> **What needs to be done**:
Leaving out the pictures, write out exactly each line from the line with "Reducing Stress Blog graphic" through the close of the listing below.

> **The records**:
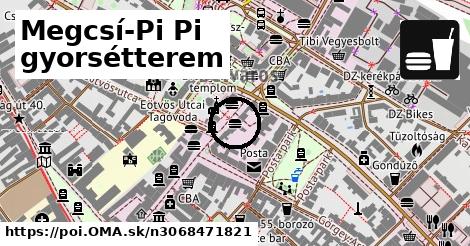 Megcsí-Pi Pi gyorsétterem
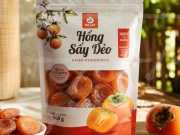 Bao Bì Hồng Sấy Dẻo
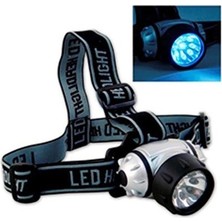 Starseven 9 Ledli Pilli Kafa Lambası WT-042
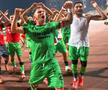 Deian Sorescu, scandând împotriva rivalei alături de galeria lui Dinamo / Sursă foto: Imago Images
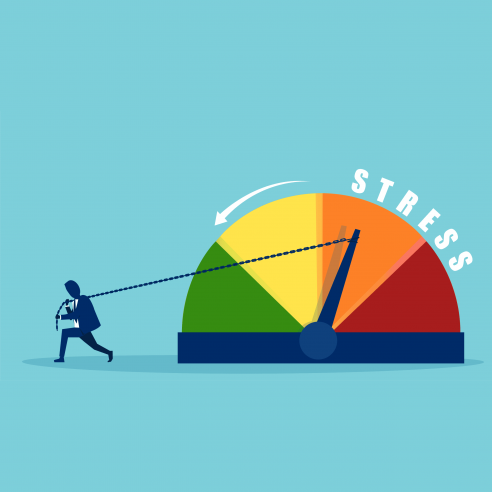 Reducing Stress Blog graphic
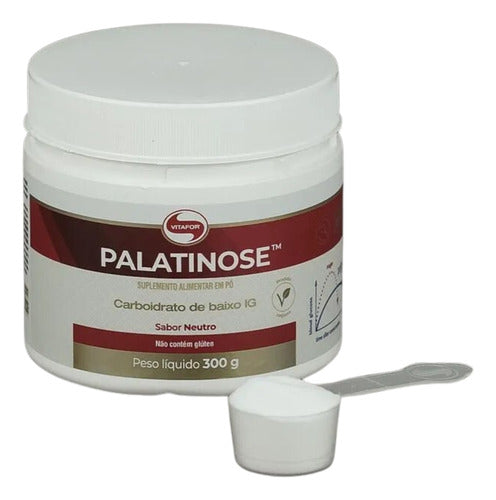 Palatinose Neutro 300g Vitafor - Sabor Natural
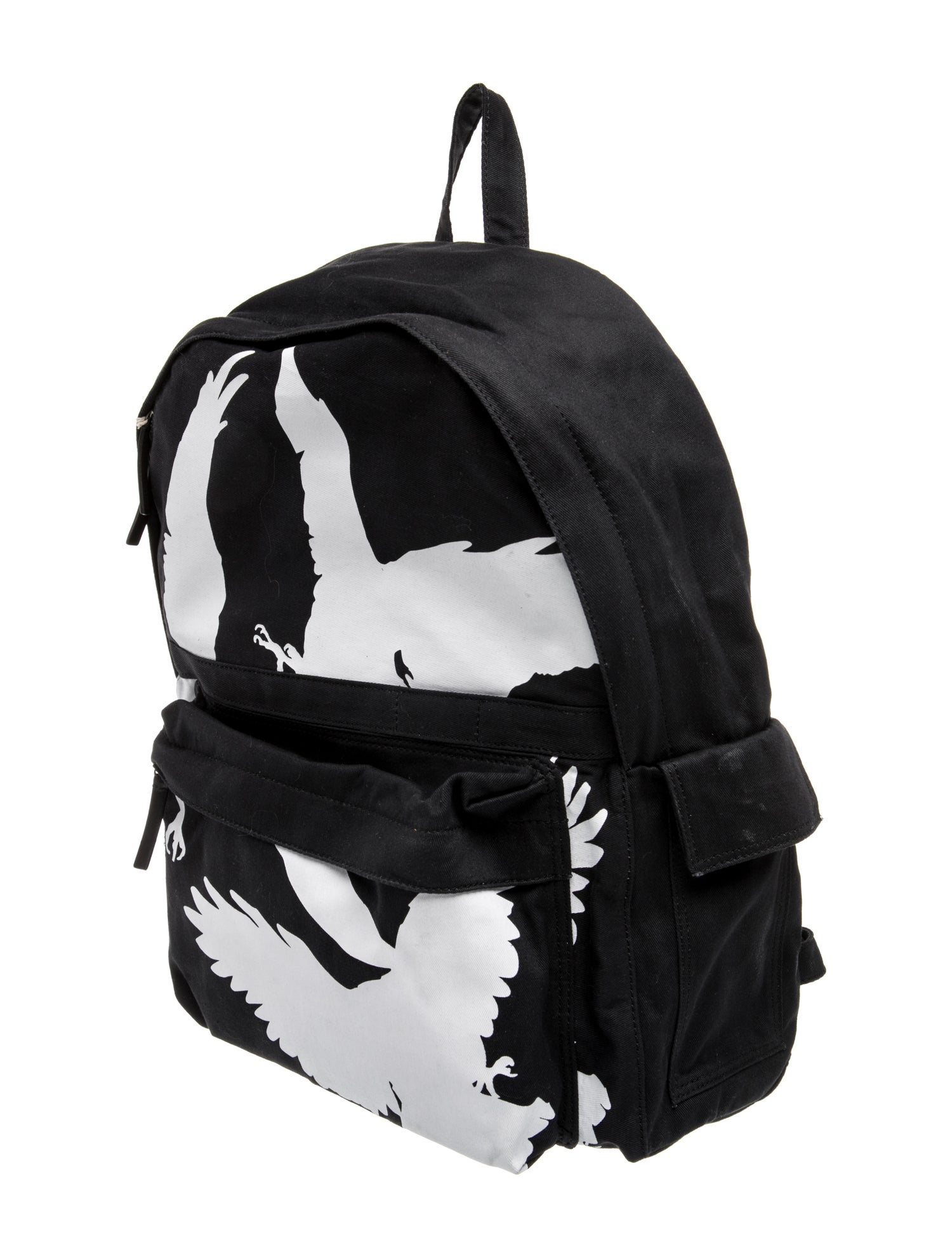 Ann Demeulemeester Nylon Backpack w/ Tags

> **Task output**:
 Reducing Stress Blog graphic
 Palatinose Neutro 300g Vitafor - Sabor Natural
 Ann Demeulemeester Nylon Backpack w/ Tags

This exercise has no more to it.